(DATA UNDER STUDY)

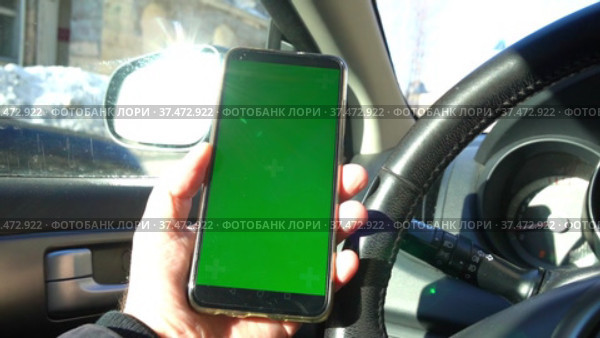 В руке водителя за рулем машины смартфон с зеленым экраном. За окном проезжает автомобиль. Замедленная съемка с движением камеры вправо. Стоковое видео, видеограф Sergei Gorin / Фотобанк Лори
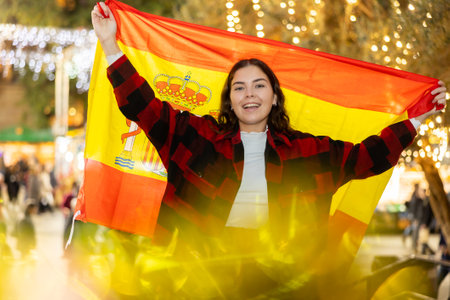 Happy girl with Spanish flag in street Christmas fairの写真素材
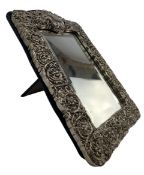 20TH CENTURY WHITE METAL REPOUSSE FRAMED DRESSING TABLE MIRROR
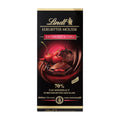 Packaging of Lindt Edelbitter Mousse Sour Cherry-Chili dark chocolate bar, displaying the product and its name, along with images of cherries and chili peppers.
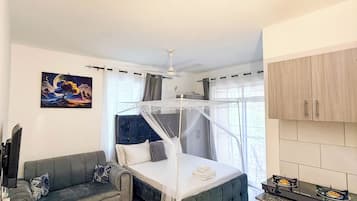 Habitación de hotel compacta con cama, sofá, mesita, televisor y kitchenette.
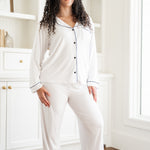 Woman wearing white pajamas with black trim in a room with white walls and wooden floor.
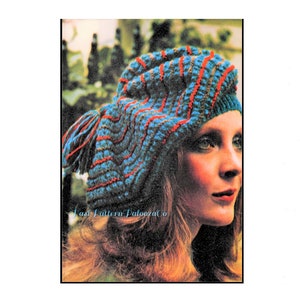 May include: A blue and red striped crocheted beret with a small tassel. The beret is worn by a woman with long brown hair.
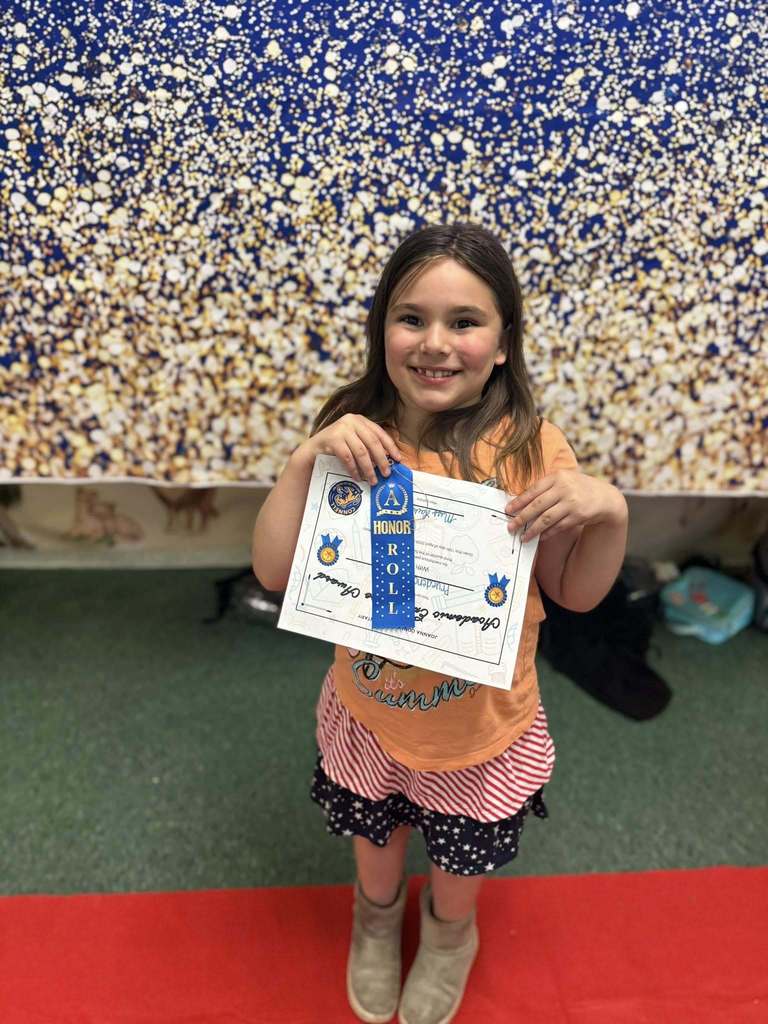 A student holding their Academic Excellence Award in front of a blue and gold backdrop.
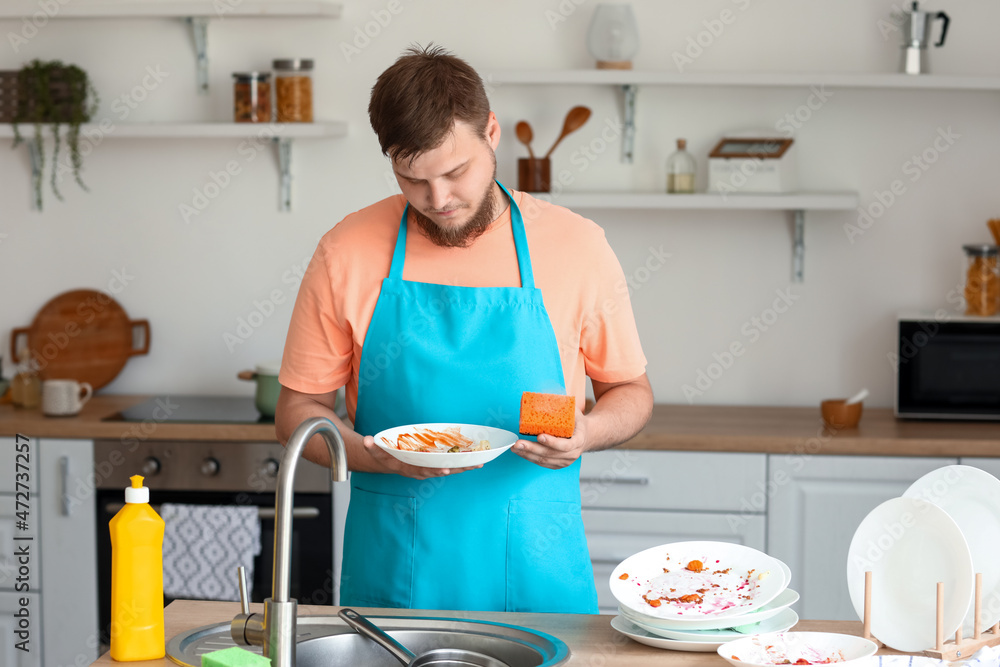 Young man with sponge washing dishes in kitchen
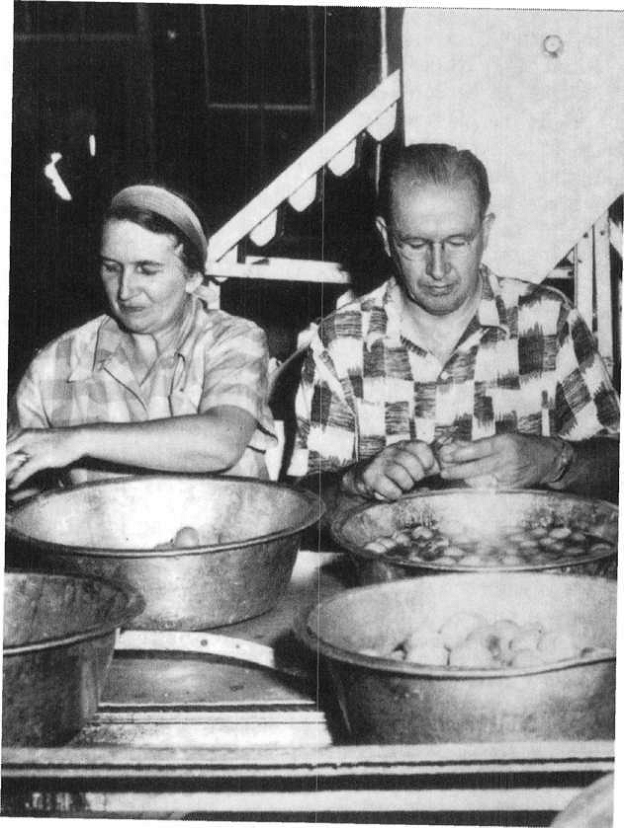 Elder Ezra Taft Benson and his wife, Flora Benson, at a welfare cannery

(End DATA UNDER STUDY)

▶ _WHAT IS REQUIRED_: Please give a word-for-word transcript of the lines from the one holding "Woman wearing white" through the final line of the entries, both ends kept, with no pictures.

▶ _RESULT OF THIS EXERCISE_:
 Woman wearing white pajamas with black trim in a room with white walls and wooden floor.
 May include: A blue and red striped crocheted beret with a small tassel. The beret is worn by a woman with long brown hair.
 A student holding their Academic Excellence Award in front of a blue and gold backdrop.
 Young man with sponge washing dishes in kitchen
 Elder Ezra Taft Benson and his wife, Flora Benson, at a welfare cannery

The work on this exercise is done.